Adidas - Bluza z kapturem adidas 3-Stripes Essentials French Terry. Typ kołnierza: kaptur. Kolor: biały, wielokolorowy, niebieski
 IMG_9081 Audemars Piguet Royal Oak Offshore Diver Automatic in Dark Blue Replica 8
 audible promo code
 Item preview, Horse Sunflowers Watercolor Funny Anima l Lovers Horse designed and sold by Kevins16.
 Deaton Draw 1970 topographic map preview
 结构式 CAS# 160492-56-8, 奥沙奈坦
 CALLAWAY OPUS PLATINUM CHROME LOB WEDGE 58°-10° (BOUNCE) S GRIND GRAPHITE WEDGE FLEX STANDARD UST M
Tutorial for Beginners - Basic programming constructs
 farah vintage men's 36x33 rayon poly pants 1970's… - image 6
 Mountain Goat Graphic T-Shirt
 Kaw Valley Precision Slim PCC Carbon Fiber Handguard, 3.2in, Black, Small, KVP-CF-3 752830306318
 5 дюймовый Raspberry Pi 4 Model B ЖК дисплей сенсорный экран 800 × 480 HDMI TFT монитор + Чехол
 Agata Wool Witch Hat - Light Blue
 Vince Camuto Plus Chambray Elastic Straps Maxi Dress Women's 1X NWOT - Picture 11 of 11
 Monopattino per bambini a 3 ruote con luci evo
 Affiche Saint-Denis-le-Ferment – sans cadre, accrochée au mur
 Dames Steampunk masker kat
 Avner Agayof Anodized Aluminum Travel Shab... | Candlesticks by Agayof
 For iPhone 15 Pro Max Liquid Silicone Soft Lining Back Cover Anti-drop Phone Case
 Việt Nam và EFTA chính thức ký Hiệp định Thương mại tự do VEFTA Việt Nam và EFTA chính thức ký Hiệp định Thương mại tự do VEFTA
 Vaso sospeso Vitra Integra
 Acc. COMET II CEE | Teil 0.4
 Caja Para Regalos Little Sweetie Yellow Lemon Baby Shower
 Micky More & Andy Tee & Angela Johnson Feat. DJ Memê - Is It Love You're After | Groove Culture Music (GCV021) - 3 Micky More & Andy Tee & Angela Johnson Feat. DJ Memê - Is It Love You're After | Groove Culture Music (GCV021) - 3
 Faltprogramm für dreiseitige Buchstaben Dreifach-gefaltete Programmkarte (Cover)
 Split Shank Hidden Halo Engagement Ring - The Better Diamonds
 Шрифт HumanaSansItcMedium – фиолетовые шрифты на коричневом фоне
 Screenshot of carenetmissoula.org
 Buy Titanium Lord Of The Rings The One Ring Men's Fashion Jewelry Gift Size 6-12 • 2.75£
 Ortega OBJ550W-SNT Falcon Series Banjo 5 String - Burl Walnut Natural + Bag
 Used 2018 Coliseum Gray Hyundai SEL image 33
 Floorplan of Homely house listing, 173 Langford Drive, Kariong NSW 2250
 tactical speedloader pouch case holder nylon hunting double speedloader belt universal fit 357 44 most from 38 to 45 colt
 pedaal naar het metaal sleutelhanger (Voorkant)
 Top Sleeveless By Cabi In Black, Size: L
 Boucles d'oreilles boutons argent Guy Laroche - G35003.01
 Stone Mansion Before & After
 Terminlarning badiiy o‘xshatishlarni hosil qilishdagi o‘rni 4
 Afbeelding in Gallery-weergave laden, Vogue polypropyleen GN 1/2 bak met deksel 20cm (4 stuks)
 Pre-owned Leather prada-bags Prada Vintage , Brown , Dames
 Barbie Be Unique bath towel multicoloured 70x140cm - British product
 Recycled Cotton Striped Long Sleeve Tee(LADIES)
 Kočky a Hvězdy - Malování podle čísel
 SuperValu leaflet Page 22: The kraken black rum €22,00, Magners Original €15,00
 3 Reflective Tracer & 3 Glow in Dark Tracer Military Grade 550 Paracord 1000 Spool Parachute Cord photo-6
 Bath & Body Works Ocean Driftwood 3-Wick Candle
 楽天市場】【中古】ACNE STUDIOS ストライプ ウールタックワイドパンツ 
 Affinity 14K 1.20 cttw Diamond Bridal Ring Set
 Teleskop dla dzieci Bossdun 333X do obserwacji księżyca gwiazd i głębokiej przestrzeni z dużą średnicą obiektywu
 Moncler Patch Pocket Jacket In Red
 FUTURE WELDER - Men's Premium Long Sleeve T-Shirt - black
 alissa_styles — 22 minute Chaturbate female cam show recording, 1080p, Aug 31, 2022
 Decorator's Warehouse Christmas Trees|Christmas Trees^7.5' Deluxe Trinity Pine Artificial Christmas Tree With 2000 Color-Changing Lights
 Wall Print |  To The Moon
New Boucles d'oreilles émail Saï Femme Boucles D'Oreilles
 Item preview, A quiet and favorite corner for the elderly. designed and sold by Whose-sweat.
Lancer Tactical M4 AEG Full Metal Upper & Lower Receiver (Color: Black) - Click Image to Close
★ ★ ★ ★ ★ ★ ★
AIM OF THE EXERCISE: Repeat all the entries exactly as given.

TASK RESPONSE:
Adidas - Bluza z kapturem adidas 3-Stripes Essentials French Terry. Typ kołnierza: kaptur. Kolor: biały, wielokolorowy, niebieski
 IMG_9081 Audemars Piguet Royal Oak Offshore Diver Automatic in Dark Blue Replica 8
 audible promo code
 Item preview, Horse Sunflowers Watercolor Funny Anima l Lovers Horse designed and sold by Kevins16.
 Deaton Draw 1970 topographic map preview
 结构式 CAS# 160492-56-8, 奥沙奈坦
 CALLAWAY OPUS PLATINUM CHROME LOB WEDGE 58°-10° (BOUNCE) S GRIND GRAPHITE WEDGE FLEX STANDARD UST M
Tutorial for Beginners - Basic programming constructs
 farah vintage men's 36x33 rayon poly pants 1970's… - image 6
 Mountain Goat Graphic T-Shirt
 Kaw Valley Precision Slim PCC Carbon Fiber Handguard, 3.2in, Black, Small, KVP-CF-3 752830306318
 5 дюймовый Raspberry Pi 4 Model B ЖК дисплей сенсорный экран 800 × 480 HDMI TFT монитор + Чехол
 Agata Wool Witch Hat - Light Blue
 Vince Camuto Plus Chambray Elastic Straps Maxi Dress Women's 1X NWOT - Picture 11 of 11
 Monopattino per bambini a 3 ruote con luci evo
 Affiche Saint-Denis-le-Ferment – sans cadre, accrochée au mur
 Dames Steampunk masker kat
 Avner Agayof Anodized Aluminum Travel Shab... | Candlesticks by Agayof
 For iPhone 15 Pro Max Liquid Silicone Soft Lining Back Cover Anti-drop Phone Case
 Việt Nam và EFTA chính thức ký Hiệp định Thương mại tự do VEFTA Việt Nam và EFTA chính thức ký Hiệp định Thương mại tự do VEFTA
 Vaso sospeso Vitra Integra
 Acc. COMET II CEE | Teil 0.4
 Caja Para Regalos Little Sweetie Yellow Lemon Baby Shower
 Micky More & Andy Tee & Angela Johnson Feat. DJ Memê - Is It Love You're After | Groove Culture Music (GCV021) - 3 Micky More & Andy Tee & Angela Johnson Feat. DJ Memê - Is It Love You're After | Groove Culture Music (GCV021) - 3
 Faltprogramm für dreiseitige Buchstaben Dreifach-gefaltete Programmkarte (Cover)
 Split Shank Hidden Halo Engagement Ring - The Better Diamonds
 Шрифт HumanaSansItcMedium – фиолетовые шрифты на коричневом фоне
 Screenshot of carenetmissoula.org
 Buy Titanium Lord Of The Rings The One Ring Men's Fashion Jewelry Gift Size 6-12 • 2.75£
 Ortega OBJ550W-SNT Falcon Series Banjo 5 String - Burl Walnut Natural + Bag
 Used 2018 Coliseum Gray Hyundai SEL image 33
 Floorplan of Homely house listing, 173 Langford Drive, Kariong NSW 2250
 tactical speedloader pouch case holder nylon hunting double speedloader belt universal fit 357 44 most from 38 to 45 colt
 pedaal naar het metaal sleutelhanger (Voorkant)
 Top Sleeveless By Cabi In Black, Size: L
 Boucles d'oreilles boutons argent Guy Laroche - G35003.01
 Stone Mansion Before & After
 Terminlarning badiiy o‘xshatishlarni hosil qilishdagi o‘rni 4
 Afbeelding in Gallery-weergave laden, Vogue polypropyleen GN 1/2 bak met deksel 20cm (4 stuks)
 Pre-owned Leather prada-bags Prada Vintage , Brown , Dames
 Barbie Be Unique bath towel multicoloured 70x140cm - British product
 Recycled Cotton Striped Long Sleeve Tee(LADIES)
 Kočky a Hvězdy - Malování podle čísel
 SuperValu leaflet Page 22: The kraken black rum €22,00, Magners Original €15,00
 3 Reflective Tracer & 3 Glow in Dark Tracer Military Grade 550 Paracord 1000 Spool Parachute Cord photo-6
 Bath & Body Works Ocean Driftwood 3-Wick Candle
 楽天市場】【中古】ACNE STUDIOS ストライプ ウールタックワイドパンツ 
 Affinity 14K 1.20 cttw Diamond Bridal Ring Set
 Teleskop dla dzieci Bossdun 333X do obserwacji księżyca gwiazd i głębokiej przestrzeni z dużą średnicą obiektywu
 Moncler Patch Pocket Jacket In Red
 FUTURE WELDER - Men's Premium Long Sleeve T-Shirt - black
 alissa_styles — 22 minute Chaturbate female cam show recording, 1080p, Aug 31, 2022
 Decorator's Warehouse Christmas Trees|Christmas Trees^7.5' Deluxe Trinity Pine Artificial Christmas Tree With 2000 Color-Changing Lights
 Wall Print |  To The Moon
New Boucles d'oreilles émail Saï Femme Boucles D'Oreilles
 Item preview, A quiet and favorite corner for the elderly. designed and sold by Whose-sweat.
Lancer Tactical M4 AEG Full Metal Upper & Lower Receiver (Color: Black) - Click Image to Close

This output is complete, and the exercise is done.